The timer used to measure system performance for both CPU and GPU algorithms was the built-in timer function in CUDA. Both the CPU and GPU method used a 5×5 sliding-window filter and was performed on randomly generated images generated in C using the rand() function. The results for processing a single image at various image resolutions are displayed in Fig. 6 and compiled in Table 1. For CPU algorithm benchmarking, we exclude the time it takes to allocate free memory due to the fact that the our LabVIEW code only allocates/deallocates memory one time after the program has started, thus making the associated memory management time irrelevant in real-time execution of our code. Similarly, the GPU benchmarking values exclude the time it takes to allocate and deallocate memory on the GPU in addition to the host memory deallocation/allocation times due to the fact that these processes are only performed once during run time. It is important to note that the GPU algorithm times only include the time it takes to transfer the raw image onto the GPU, execute both kernels, and transfer the processed image back to main memory. The normalized errors [(LSI_CPU – LSI_GPU)/(LSI_CPU)] were computed for all pairs of images and found to be negligible, with errors on the order of 10−7.

Fig. 6

Graph of processing times for various image sizes (i.e., number of pixels).


Table 1

CPU versus GPU processing times for various image sizes.

LSI processing times for various image sizes (5×5 window)


Real-Time LabVIEW Performance

With the setup described in Fig. 1, the LabVIEW software is evaluated with a single raw image (1392×1040) being processed with the GPU and visualized with the built-in Intensity Graph. The maximum frame rate is ∼15 fps, which is sufficient to display the real-time LSI images because the maximum frame rate of our camera is ∼10 fps (RetigaEXi). As such, the program can run indefinitely without memory conflicts because the processing and display times are less than the time between collection of successive raw speckle images. In addition, as GPUs gain fast clock speeds, more processing cores, and faster RAM, the gap will widen further.


Real-time LabVIEW video demonstration 1—reactive hyperemia

This section contains videos of the fully functional LabVIEW software described in Section 2.3. The videos are acquired with a simple screen capture utility that captures the entire LabVIEW window frame. Videos are taken with ambient lighting off and exposure time set to 10 ms. Please note that the video-capture software in conjunction with a relatively high overhead program, such as LabVIEW, slightly reduces the image-processing speed of the system by ∼1 fps.

The first demonstration consists of viewing real-time SFI images displayed in LabVIEW's built-in Intensity Graph of a reactive hyperemia experiment of the inner hand (1). A pressure cuff was placed over the upper arm of a subject (IRB Protocol no. 2004‐3626). The palm side of the subject's hand was imaged for 3 min without any applied pressure. The cuff was inflated to 220 mm Hg for 3 min, after which the applied pressure was abruptly released. 1 shows real-time SFI images collected during the ∼20 s before the pressure cuff was released and the ensuing ∼20 s after release.
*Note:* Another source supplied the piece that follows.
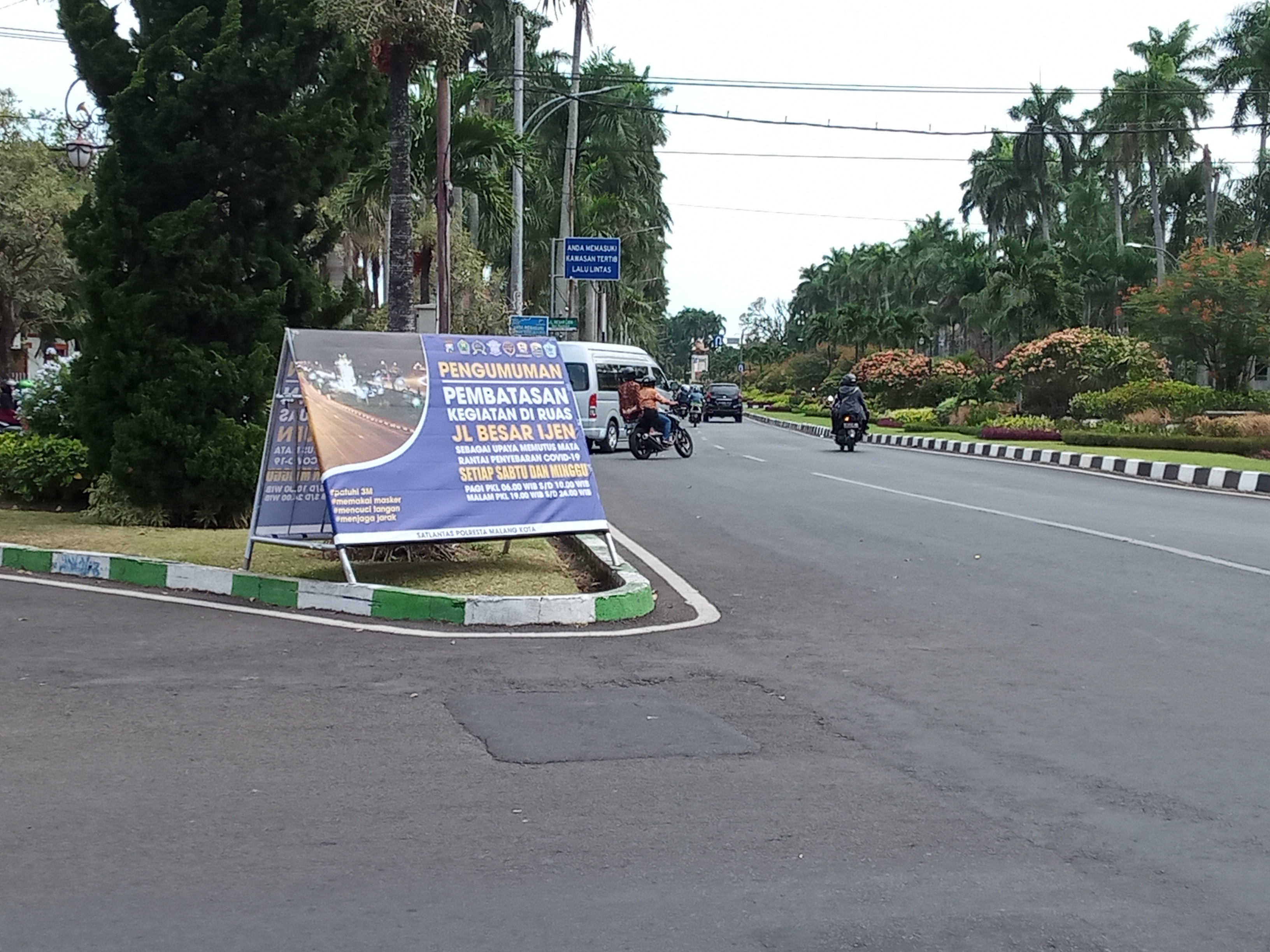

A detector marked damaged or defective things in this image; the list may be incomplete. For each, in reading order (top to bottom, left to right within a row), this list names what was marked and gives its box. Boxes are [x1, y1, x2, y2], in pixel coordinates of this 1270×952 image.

Immediately after release of the pressure cuff, a typical hyperemic response was observed, with a large-scale influx of blood into the hand.

Video 1

Single-frame excerpt from LabVIEW real-time LSI demonstration of reactive hyperemia experiment (MPEG, 3 MB)



Real-time LabVIEW video demonstration 2—ordered flow in phantom

The second real-time demonstration involves use of the same instrument and software to image, in real-time, ordered fluid flow (2). A simple ordered-flow phantom was created by attaching plastic tubing to a piece of cardboard. The video depicts manually controlled injection of a scattering fluid (20% Intralipid) into the tube with a syringe, followed by manual retraction of the fluid halfway through the video. The position of the leading edge of the fluid moving through the tube can be visualized with high temporal resolution, limited in this case only by the maximum frame rate (∼10 fps) of the camera.

Video 2

Single-frame excerpt from LabVIEW real-time LSI demonstration of ordered fluid flow (MPEG, 3 MB).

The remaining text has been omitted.